Data entries:
»»

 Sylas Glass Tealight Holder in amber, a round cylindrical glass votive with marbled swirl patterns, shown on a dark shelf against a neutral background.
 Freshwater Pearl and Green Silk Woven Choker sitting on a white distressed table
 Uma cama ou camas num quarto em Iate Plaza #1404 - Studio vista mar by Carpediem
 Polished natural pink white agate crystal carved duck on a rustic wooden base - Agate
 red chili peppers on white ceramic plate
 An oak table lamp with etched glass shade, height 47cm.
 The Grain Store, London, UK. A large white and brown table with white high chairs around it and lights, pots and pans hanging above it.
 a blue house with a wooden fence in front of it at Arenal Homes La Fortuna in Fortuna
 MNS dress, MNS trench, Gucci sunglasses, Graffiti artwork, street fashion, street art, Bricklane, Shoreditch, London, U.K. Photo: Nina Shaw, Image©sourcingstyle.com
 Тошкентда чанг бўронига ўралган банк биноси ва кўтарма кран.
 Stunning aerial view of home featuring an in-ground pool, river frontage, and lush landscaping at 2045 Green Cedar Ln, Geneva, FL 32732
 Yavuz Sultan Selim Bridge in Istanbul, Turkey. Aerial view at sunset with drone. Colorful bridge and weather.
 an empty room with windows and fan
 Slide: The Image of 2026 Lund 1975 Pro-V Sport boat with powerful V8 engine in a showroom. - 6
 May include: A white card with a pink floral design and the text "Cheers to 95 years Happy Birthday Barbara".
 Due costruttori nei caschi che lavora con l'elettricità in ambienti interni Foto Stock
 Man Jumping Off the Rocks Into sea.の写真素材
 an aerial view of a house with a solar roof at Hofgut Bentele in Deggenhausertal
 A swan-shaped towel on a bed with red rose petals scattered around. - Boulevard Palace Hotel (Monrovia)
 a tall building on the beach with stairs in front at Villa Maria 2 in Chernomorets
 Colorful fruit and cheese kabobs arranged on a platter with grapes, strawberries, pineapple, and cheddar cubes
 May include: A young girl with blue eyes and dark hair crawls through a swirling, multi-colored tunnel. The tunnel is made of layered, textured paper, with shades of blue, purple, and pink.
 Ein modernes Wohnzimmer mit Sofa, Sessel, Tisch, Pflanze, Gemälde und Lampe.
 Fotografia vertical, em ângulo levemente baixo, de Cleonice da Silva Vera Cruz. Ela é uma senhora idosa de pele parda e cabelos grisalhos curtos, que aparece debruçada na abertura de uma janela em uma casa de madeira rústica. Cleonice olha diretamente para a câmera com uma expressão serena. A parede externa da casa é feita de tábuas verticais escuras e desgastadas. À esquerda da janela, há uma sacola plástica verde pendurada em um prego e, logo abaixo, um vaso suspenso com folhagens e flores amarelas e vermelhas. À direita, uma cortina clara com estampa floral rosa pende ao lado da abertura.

««

EXERCISE DIRECTIONS: Work out how many lines above contain the word "around". Give only the number.

TASK SOLUTION: 2